Evatt also told the judge that Williams helped federal officials in the prosecution of former Lexington County Sheriff James Metts, who pleaded guilty earlier this year to a federal offense stemming from interference in the handling and inappropriate release of two illegal immigrants at the county jail in 2011.

Neither Evatt nor prosecutors would give details about any of Williams’ help related to Metts.

▪ Phillip Mims, of Lexington, who also cooperated with the FBI, was sentenced to three months in a halfway house and three years’ probation. He had pleaded guilty to conspiring to get sizable loans from banks for building projects in Marion County and in the Columbia area, and diverting the money to illegal uses.

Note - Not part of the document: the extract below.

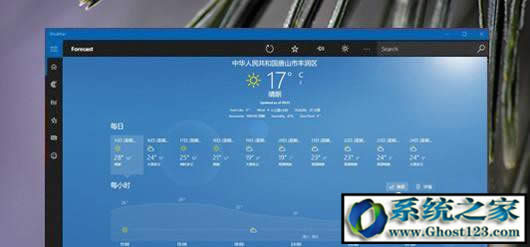 win10(chung)߸ʲô? win10(chung)߸¹Щ?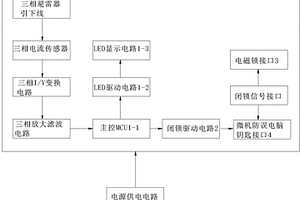 一種通過監(jiān)測(cè)避雷器泄漏電流的高壓帶電顯示裝置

Mims, 46, a U.S. Air Force veteran of Desert Storm, was involved in business activities with Wright, activities that became criminal and got him in the trouble with the law, his attorney Joe McCulloch said.

McCulloch also portrayed his client as a good man, offering as a character reference a letter from Richland County Sheriff Leon Lott, telling the judge how Mims – after agreeing to plead guilty to the federal charge – had risked his life to help Lott, who was being attacked by an angry citizen.

Choking back tears, Mims apologized to the judge.

A sentencing date for a fifth co-conspirator, Richard Zahn, has not been set.

Prosecutors recommended probation for all five co-conspirators, according to court filings, who they say cooperated with the government in its investigation of Pinson. Four of the five testified at his trial last summer.

A sixth person, Ed Givens of Columbia, was given six months’ probation last year. Givens, a conspirator in two of Pinson’s schemes while Givens served as chief counsel for S.C. State, pleaded guilty to misprision, or concealment, of a felony. He received probation.